In 2002, Luntz wrote an extensive memo advising the Republicans to soften their linguistic approach to discussing environmental issues, and a June 2004 memo entitled "Communicating the Principles of Prevention and Protection in the War on Terror" offered Republicans sound-bites to be used in the November presidential election, that connected the war on terror to the war in Iraq.
Luntz is also an adjunct fellow at the Hudson Institute, a profoundly right-wing anti-environmental Washington-based think tank founded in 1961 to advocate for "free markets", "individual responsibility," and "the preservation of America's national security."
He has been called "a focus group guru," by the Columbus (Ohio) Dispatch and "one of the most accurate political analysts of his generation" by the London Sunday Telegraph. Time magazine named him one of "50 of America's most promising leaders aged 40 and under."
Although he has earned the reputation of a man who reads the political tea leaves and transforms that reading into a winning message, it hasn't always been smooth sailing. In 1997, he was formally reprimanded by the American Association for Public Opinion Research over questionable polling practices revolving around the Republicans' "Contract with America."

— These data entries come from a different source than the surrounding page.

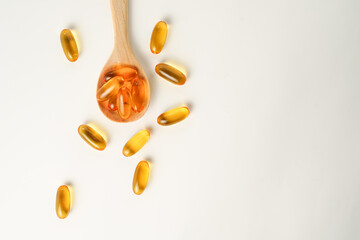 wooden spoon with soft gels, Fish oil capsules, omega 3, omega 9, vitamin D, vitamin E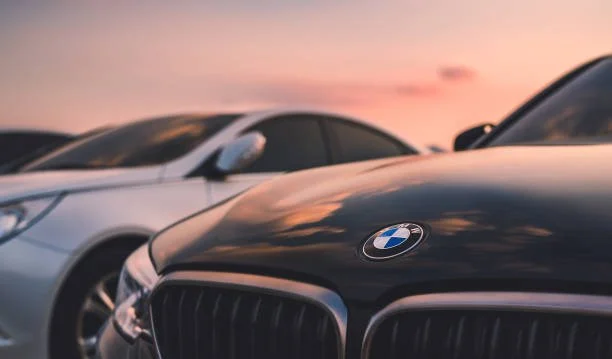 German elevated cars parked at sunset, representing automotive industry tariff concerns and trade policy impact on carmakers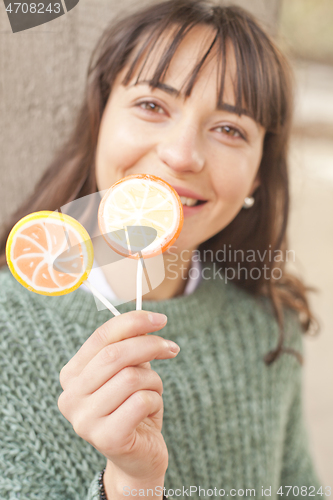 Image of Portrait of pretty young happy woman posing with sweet lollipops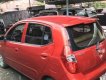 Hyundai i10    2012 - Bán Hyundai i10 sản xuất 2012, màu đỏ, xe gia đình sử dụng, ít đi còn mới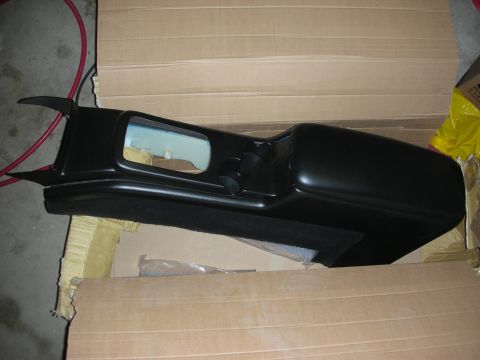 1998 Ford Crown Victoria - complete black center console with padded armrest, cupholders and a vanity mirror lying in a cardboard box.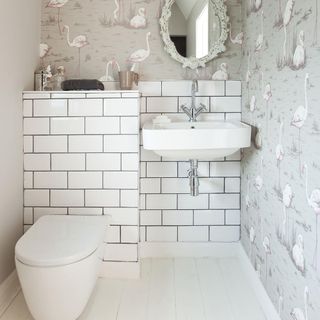 bathroom with wallpaper on wall and mirror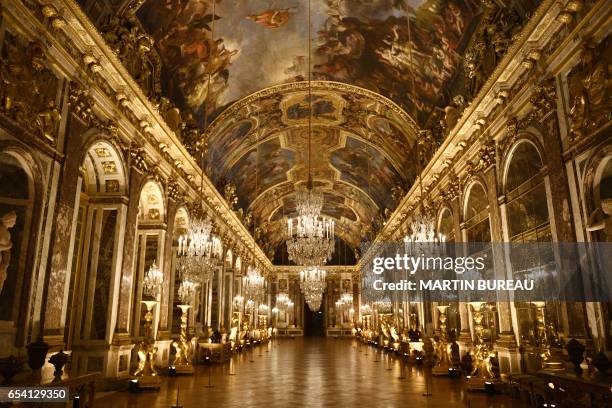 Picture taken on March 6, 2017 shows a view of the galerie des Glaces painted by French artist Charles Le Brun at the Versailles Castle, west of...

And while he is still dispensing advice to Republican members of the U.S. Congress, he and House Majority Leader John Boehner -- selected for the post after the soon-to-be-former Texas Congressman Tom DeLay resigned the position earlier this year -- aren't bosom buddies.
"Frank Luntz is the Republican Party's undisputed master of right-wing propaganda, conservative spin-meistering, political-deception, diversion, redirection and focusing the imagination of an unsuspecting audience in ways that bring about specific outcomes or foster public support for anti-environmental, anti-democratic or pro-business positions," Scott Silver, the executive director of the Oregon-based environmental group Wild Wilderness, told IPS.
While providing winning advice to the Republicans, Luntz may also succeed in further diluting the already paper-thin democratic discourse. "Luntz combined the most effective techniques of Madison Avenue with the most effective tools of the psychoanalyst's couch and figured out how to apply them for the purpose of political persuasion," Silver said.
"He elevated to a science the persuasive art of the naturally gifted politician. Through the nearly universal adoption and application of Luntz's new science, all of political discourse has become less honest, less open, less productive and more divisive."